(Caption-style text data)

----

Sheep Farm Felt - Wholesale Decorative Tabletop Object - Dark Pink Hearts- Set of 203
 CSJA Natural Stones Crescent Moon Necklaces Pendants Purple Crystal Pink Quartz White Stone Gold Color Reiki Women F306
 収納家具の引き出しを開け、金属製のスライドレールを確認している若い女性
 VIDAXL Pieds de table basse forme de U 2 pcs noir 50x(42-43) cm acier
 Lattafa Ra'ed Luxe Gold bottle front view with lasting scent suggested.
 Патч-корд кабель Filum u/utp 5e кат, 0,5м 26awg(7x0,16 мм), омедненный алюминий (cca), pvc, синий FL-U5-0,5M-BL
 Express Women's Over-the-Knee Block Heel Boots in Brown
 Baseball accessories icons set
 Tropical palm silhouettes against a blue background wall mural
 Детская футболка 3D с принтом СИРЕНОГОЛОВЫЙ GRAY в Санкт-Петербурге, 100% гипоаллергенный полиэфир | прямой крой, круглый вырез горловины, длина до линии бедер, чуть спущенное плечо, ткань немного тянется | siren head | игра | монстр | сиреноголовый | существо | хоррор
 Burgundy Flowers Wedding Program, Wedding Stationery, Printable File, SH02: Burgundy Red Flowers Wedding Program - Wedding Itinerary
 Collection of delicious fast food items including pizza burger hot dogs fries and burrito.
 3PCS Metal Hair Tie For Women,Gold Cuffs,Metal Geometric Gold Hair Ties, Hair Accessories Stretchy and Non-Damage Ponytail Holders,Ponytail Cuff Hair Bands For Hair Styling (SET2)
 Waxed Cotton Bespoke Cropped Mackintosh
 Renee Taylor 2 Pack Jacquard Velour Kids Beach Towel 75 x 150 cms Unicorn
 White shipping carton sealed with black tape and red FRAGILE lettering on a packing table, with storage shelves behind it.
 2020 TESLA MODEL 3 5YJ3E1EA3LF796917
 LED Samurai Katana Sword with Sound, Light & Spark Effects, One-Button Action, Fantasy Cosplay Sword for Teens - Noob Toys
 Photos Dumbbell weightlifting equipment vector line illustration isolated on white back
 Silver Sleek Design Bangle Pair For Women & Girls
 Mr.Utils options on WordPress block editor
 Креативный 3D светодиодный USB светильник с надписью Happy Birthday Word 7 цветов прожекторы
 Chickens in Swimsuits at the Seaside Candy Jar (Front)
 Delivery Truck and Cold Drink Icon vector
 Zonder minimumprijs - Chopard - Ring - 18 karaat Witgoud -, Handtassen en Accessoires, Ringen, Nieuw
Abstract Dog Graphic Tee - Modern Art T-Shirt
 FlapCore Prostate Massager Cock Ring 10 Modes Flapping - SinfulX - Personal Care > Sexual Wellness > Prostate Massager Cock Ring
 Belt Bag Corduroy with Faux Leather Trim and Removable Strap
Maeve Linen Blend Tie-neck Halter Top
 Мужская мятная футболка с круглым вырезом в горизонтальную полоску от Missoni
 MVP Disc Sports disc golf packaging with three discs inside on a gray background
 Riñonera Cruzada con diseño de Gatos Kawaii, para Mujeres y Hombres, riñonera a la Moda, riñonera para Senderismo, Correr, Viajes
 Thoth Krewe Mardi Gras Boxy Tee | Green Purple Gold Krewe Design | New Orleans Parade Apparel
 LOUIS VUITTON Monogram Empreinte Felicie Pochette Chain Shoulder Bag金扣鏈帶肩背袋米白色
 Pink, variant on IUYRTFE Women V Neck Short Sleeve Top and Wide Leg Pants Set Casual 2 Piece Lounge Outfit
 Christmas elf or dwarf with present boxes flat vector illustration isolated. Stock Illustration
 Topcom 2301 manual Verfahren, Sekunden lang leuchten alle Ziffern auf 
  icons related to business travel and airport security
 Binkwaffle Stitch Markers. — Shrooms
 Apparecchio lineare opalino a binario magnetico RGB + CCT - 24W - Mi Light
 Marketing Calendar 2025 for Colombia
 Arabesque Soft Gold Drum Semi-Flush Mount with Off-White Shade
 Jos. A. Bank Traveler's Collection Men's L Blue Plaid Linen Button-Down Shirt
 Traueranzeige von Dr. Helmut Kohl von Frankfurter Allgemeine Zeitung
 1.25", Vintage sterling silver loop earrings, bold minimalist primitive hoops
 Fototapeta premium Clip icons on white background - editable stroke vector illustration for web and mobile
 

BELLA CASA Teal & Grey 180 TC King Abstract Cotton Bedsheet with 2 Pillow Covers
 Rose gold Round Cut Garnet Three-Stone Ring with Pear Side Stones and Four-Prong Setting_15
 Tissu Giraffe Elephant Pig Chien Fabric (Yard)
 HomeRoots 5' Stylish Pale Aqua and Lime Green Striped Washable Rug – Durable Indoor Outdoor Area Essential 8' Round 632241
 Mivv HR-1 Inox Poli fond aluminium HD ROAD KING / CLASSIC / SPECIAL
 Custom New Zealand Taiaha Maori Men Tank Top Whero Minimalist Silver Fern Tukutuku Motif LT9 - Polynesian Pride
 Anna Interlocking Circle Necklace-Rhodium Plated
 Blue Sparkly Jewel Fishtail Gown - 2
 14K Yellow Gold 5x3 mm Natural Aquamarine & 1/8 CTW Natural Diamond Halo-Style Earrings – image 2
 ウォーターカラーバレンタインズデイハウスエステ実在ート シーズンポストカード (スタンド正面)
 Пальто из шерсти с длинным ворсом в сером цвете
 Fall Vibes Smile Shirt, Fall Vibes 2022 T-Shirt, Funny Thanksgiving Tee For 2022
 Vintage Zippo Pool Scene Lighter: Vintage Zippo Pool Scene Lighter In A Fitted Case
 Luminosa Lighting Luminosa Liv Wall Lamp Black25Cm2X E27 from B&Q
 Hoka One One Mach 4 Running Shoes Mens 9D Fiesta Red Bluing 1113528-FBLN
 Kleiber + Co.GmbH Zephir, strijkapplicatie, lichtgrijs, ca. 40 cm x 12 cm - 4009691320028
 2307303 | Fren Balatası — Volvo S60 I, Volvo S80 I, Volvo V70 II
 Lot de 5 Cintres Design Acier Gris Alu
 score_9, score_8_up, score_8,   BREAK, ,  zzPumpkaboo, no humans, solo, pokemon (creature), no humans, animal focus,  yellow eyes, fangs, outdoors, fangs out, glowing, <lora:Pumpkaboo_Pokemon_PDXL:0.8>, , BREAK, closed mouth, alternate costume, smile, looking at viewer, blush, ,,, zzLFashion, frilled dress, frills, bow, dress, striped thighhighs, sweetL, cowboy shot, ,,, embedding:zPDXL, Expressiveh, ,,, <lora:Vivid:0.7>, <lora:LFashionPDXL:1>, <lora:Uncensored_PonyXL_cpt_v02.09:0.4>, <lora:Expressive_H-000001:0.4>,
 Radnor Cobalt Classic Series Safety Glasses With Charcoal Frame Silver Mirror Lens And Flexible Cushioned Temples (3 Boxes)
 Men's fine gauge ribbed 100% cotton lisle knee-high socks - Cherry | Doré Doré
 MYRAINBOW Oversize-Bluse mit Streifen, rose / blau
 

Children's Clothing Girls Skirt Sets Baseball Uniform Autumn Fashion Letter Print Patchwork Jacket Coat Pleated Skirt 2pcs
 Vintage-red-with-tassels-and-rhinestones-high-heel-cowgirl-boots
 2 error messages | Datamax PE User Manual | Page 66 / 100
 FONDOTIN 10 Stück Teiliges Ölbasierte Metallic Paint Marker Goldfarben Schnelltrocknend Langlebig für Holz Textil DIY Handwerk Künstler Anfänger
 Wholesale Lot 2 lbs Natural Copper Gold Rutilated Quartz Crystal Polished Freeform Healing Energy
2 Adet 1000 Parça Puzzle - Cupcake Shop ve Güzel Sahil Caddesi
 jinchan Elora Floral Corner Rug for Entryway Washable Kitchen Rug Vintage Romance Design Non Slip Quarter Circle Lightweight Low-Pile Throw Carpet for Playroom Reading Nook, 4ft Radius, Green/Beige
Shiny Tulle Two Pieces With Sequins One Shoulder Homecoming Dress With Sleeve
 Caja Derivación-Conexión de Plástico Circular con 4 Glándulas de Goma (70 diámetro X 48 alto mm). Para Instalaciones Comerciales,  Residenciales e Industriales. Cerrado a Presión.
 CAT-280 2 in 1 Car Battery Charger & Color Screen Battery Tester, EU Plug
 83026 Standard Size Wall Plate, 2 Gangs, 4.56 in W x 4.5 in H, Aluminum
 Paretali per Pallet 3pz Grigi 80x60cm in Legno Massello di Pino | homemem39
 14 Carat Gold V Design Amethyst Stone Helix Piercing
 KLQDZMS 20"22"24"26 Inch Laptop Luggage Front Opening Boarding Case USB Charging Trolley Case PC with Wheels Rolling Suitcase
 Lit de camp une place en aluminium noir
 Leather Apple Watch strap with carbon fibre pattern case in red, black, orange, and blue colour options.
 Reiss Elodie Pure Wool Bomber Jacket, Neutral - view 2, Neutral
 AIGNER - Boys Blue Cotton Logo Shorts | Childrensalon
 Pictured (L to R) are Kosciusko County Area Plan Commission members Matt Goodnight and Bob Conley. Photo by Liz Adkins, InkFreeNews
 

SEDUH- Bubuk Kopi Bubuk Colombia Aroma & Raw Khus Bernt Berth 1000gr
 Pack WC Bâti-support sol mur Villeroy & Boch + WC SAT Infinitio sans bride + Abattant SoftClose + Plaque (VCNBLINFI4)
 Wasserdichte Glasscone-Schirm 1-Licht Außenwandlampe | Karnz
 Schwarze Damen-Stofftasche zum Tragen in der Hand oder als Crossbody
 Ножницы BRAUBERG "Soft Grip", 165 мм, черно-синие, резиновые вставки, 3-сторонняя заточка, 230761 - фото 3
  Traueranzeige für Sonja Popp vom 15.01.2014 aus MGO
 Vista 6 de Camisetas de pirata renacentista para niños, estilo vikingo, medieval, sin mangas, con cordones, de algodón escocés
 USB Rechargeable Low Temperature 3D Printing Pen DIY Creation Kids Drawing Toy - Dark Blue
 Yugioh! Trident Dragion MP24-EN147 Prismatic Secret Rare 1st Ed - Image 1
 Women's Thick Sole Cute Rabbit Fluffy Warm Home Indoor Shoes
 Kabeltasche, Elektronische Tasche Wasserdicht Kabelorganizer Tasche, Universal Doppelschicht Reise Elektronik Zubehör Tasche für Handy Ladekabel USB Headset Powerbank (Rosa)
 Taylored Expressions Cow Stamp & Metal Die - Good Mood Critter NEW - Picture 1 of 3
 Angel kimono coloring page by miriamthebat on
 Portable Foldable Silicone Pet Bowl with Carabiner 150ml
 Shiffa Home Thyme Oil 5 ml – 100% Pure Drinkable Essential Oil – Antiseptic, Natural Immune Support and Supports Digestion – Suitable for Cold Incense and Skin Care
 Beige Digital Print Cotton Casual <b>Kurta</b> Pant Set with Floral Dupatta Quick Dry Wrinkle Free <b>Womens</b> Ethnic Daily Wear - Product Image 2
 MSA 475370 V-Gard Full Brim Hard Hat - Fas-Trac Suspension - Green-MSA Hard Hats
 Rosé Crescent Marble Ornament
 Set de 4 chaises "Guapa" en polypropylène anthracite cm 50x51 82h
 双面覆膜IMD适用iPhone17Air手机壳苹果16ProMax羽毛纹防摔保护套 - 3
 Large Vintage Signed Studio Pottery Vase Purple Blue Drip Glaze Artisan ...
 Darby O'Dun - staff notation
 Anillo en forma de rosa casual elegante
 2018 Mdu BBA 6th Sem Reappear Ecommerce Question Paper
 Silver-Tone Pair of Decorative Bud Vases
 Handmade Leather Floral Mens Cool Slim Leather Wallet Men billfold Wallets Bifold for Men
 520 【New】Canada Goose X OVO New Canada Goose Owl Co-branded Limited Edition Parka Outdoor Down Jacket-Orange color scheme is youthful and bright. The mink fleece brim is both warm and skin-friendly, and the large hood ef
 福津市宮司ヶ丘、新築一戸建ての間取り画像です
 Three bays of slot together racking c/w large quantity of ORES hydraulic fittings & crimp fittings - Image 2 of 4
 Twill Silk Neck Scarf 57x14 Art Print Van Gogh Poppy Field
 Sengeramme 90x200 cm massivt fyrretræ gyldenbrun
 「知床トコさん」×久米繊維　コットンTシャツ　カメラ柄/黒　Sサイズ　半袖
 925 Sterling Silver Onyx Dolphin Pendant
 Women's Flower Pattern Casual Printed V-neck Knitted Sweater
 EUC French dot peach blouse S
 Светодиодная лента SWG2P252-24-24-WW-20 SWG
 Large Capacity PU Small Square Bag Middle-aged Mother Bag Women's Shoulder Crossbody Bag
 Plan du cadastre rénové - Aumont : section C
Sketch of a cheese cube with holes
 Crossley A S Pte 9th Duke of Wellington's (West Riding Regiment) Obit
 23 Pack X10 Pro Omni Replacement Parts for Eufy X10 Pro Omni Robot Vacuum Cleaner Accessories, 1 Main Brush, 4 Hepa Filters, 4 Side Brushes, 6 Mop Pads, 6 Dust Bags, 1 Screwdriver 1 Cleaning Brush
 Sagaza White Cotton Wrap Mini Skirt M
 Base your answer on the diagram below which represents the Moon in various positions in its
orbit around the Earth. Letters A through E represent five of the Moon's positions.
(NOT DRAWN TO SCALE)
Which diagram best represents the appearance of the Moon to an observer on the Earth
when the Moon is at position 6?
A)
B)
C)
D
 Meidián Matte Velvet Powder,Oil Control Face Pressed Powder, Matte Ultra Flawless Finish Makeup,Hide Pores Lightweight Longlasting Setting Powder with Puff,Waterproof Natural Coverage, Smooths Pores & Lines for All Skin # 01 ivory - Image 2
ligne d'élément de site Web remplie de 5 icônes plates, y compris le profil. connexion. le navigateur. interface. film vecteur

----

### What you have to do
Look above for the line holding "USB Rechargeable Low" and the line holding "Angel kimono coloring", then output exactly those two lines and every line between them, nothing more.

### Solved exercise
 USB Rechargeable Low Temperature 3D Printing Pen DIY Creation Kids Drawing Toy - Dark Blue
 Yugioh! Trident Dragion MP24-EN147 Prismatic Secret Rare 1st Ed - Image 1
 Women's Thick Sole Cute Rabbit Fluffy Warm Home Indoor Shoes
 Kabeltasche, Elektronische Tasche Wasserdicht Kabelorganizer Tasche, Universal Doppelschicht Reise Elektronik Zubehör Tasche für Handy Ladekabel USB Headset Powerbank (Rosa)
 Taylored Expressions Cow Stamp & Metal Die - Good Mood Critter NEW - Picture 1 of 3
 Angel kimono coloring page by miriamthebat on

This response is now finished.